Of course the impact isn’t as high as it normally would be but in fact the web-server needs to boot up the Laravel framework and the request will pass any middleware that is processed before the throttle middleware itself. This alone could cause some database queries to be executed before the check for the exceeded rate limit even happens.

Finally the request causes impact on your cache server (e.g. Redis). Laravel’s rate limiting middleware stores the client’s IP address alongside with the amount of requests in a given time period and performs a check on every request.

Load Balancer Rate Limiting

A load balancer is a piece of software that usually sits in front of your web-server stack. The traffic goes from the left to the right until it hits your Laravel application.

Image for post
Image for post
Figure 2 — Position of the Load Balancer in the Web-Server Stack

It should be desirable to kill unwanted requests as early as possible in that chain of processing to reduce load in the backend. One of the most used load balancers is HAProxy. Although the website looks like it’s software from the 90s, it’s battle-tested and under very active development. At the time of writing this article HAProxy has reached stable version 2.1 and is “cloud ready” for usage with modern technologies like Kubernetes.

HAProxy is mainly a Layer 7 HTTP Load Balancer (however it also supports some more protocols, which is pretty awesome). That means that it can handle SSL offloading, can look into the user’s request and decide a few key things upon the request details:

  • First of all it can decide which backend to use for the incoming request which means you could split up your application into two different Laravel applications: One for the frontend and another one for the backend.
  • It can restrict some URIs to a given IP range or require basic authentication for it. That way I’m able to protect the Laravel Horizon Dashboard in production — it’s only accessible from a specific VPN IP range for additional security.
  • It can split your user’s request between several backend web-servers which means you are able to scale your deployment. You no longer need to get bigger and bigger machines, you can just add some. And you can remove them if no longer needed (e.g. after a huge sale event, when running a web shop).

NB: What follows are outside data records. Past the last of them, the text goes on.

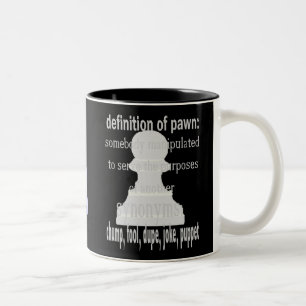 Caneca De Café Em Dois Tons Cordas de Campar / Fantoche
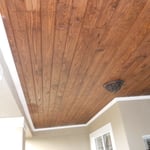 wood ceiling
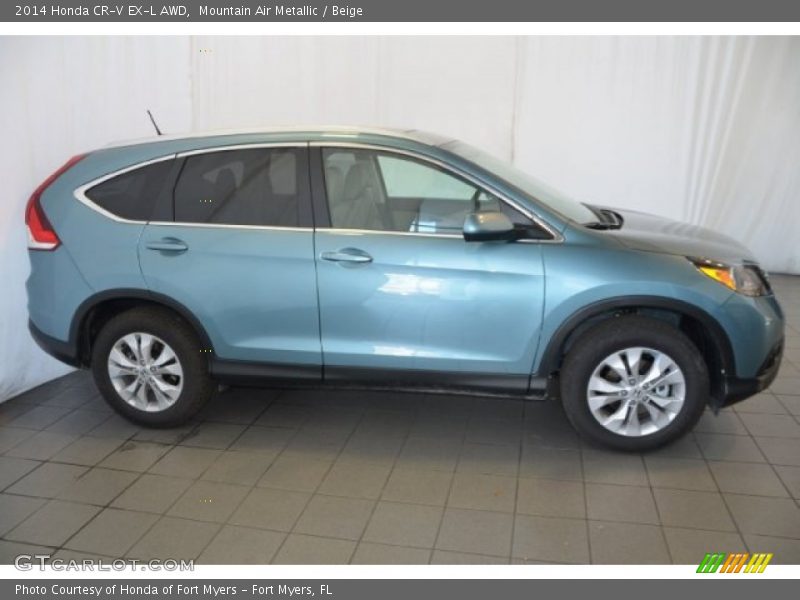 Mountain Air Metallic / Beige 2014 Honda CR-V EX-L AWD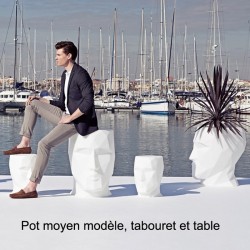 Flower tray Adan Vondom large model height 100 black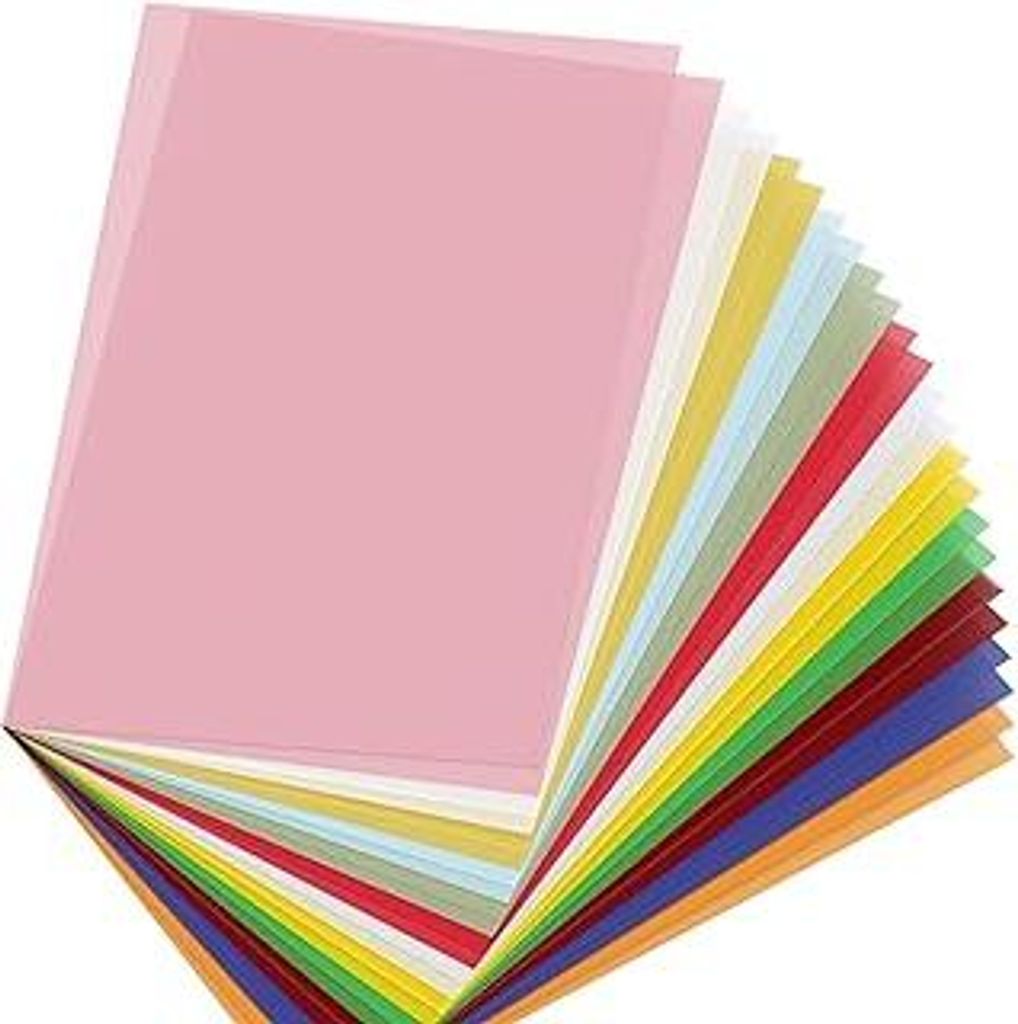 XiaoLidm Transparentpapier Bunt A4, 12 Farben inkl. Gold & Silber, 100 g/m² Pergamentpapier Bunt zum Bedrucken, Buntes Faltpapier Transparent von ...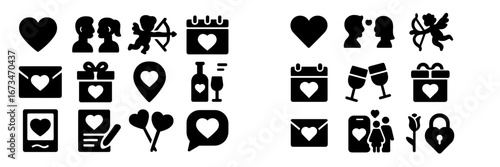 Heart vector collection for love and romance designs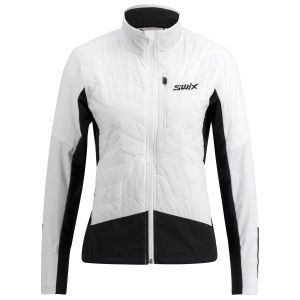 Prezzi Swix women\'s nordic hybrid insulated jacket giacca sci di fondo donna (l, bianco)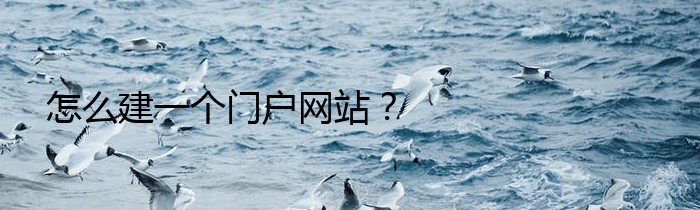 怎么建一个门户网站？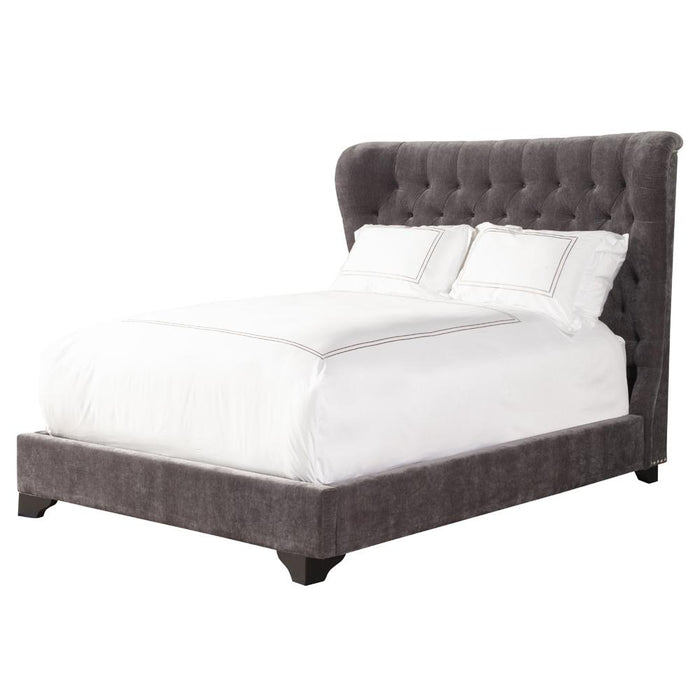 Modern Living - Chloe Queen Bed in Grey - BCHL#8000-2-FRE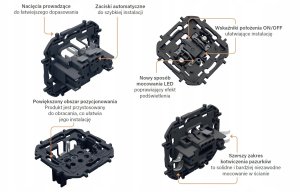 Legrand Niloe Step Gniazdo 2p+z IP44, zaciski automatyczne, z przesłoną - kolor biały 863136B 6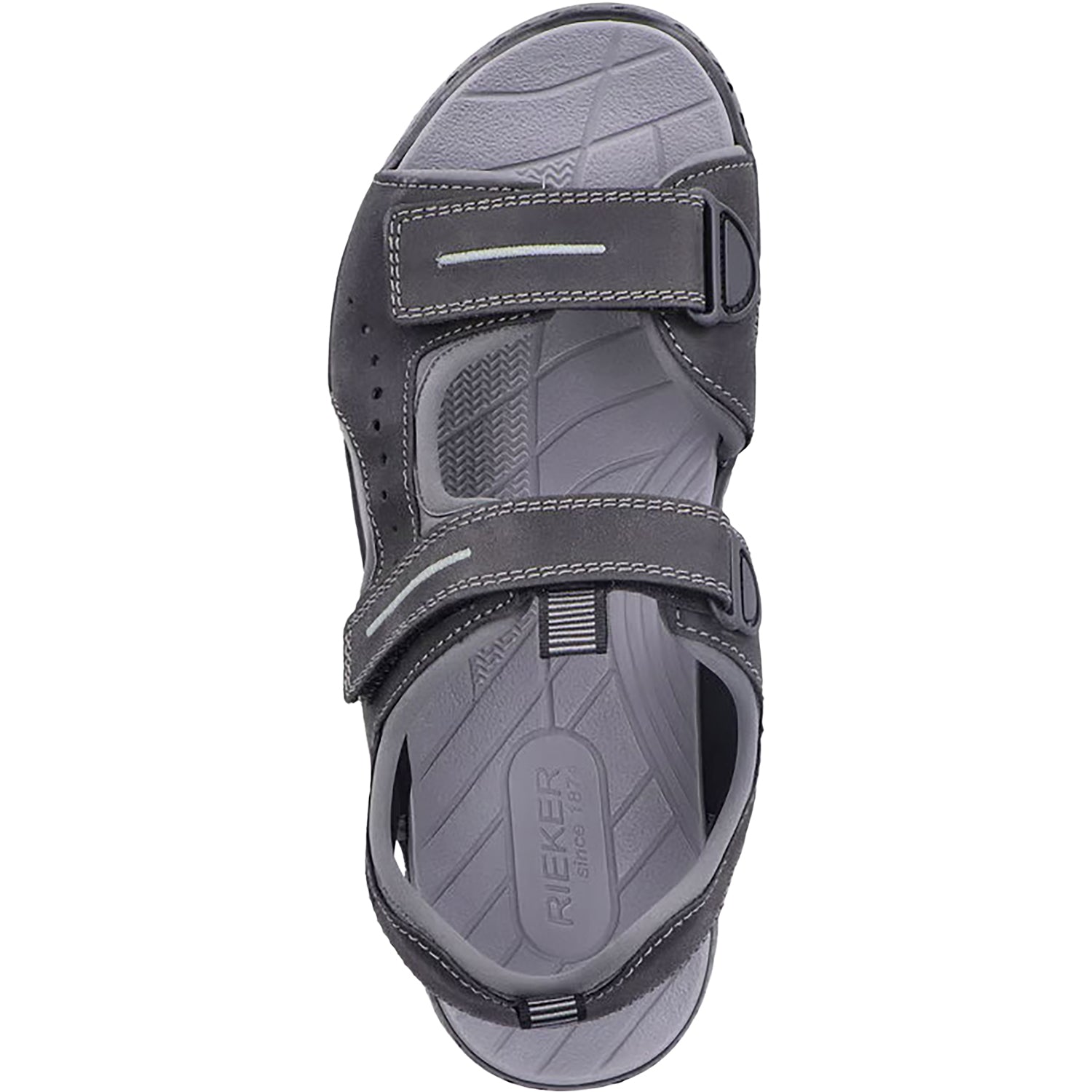 Mens Rieker Men's Rieker 21861-00 CLEMENS 61 Schwarz/Blei Synthetic Schwarz/Blei Synthetic
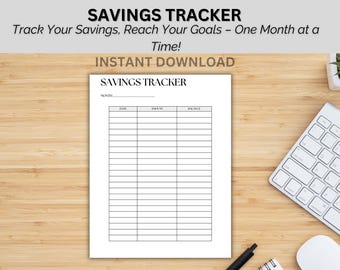 Savings Tracker, Monthly Savings Tracker, Savings Challenge, Sinking Funds, Budget Planner, Savings Worksheet, Financial Tracker
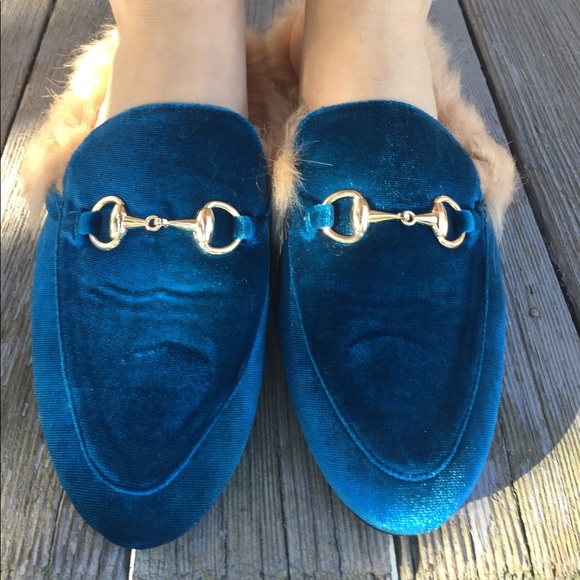 Loafers slides with faux fur insole - Picture 2 of 3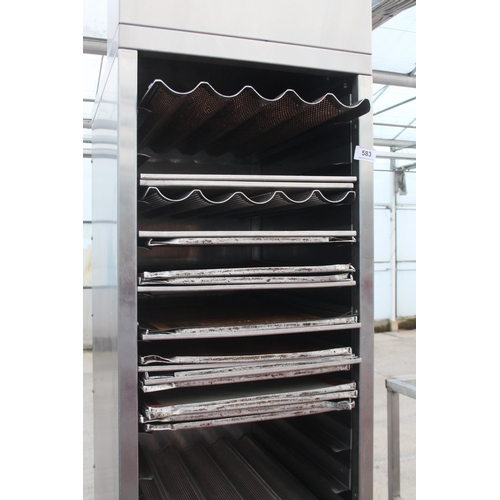 583 - STAINLESS STEEL KITCHEN UNIT  NO VAT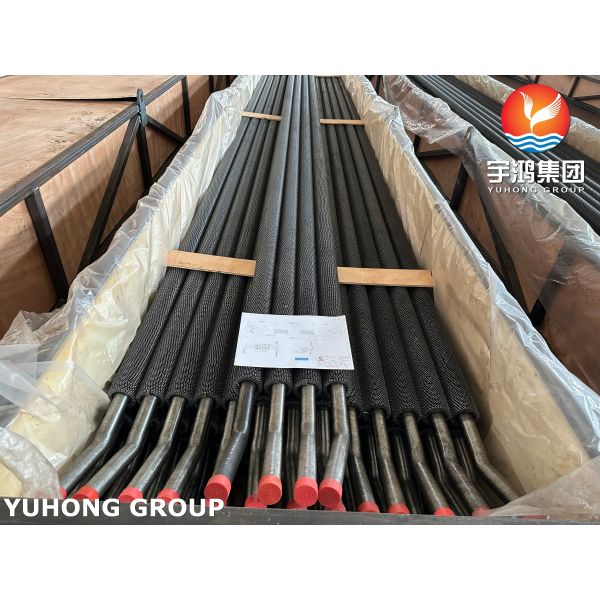 ASTM A213 T91 HFW Serrated Finned Tubes For Heat Recovery Steam Generator HRSG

However this article will focus on the configuration of rate limiting within HAProxy for the sake of performance and stability of your web-server deployment.

Configuration of HAProxy

Figure 3 — Max Connection Settings for HAProxy

When there are more than 90 (3 times 30 connections) concurrent connections HAProxy will put those requests in a queue and will forward them once the active connection count drops below 30 again. Usually this happens within milliseconds, so your users will barely notice under normal circumstances. The queue will be flushed after 10 seconds and the client receives an HTTP 503 Service Unavailable which means HAProxy couldn’t elect a backend server to serve the request to the user.

One would ask why you should limit those connections to the backend server. The idea behind this procedure is that it’s better to serve some HTTP errors to some clients than bury your web backend under such a heavy workload your application becomes inoperable. It’s a kind of a protection for your infrastructure.

HAProxy Rate Limiting

To recognize a user we will use its requesting IP address as dictionary key. And the value we are interested in is the amount of HTTP connection the client establishes.

Figure 4 — Establish Rate Limiting within HAProxy

The first two lines of that configuration example are plain and basic frontend definitions in HAProxy. You create a new frontend (something that receives a user’s request) and bind it to port 80 which is the default HTTP port.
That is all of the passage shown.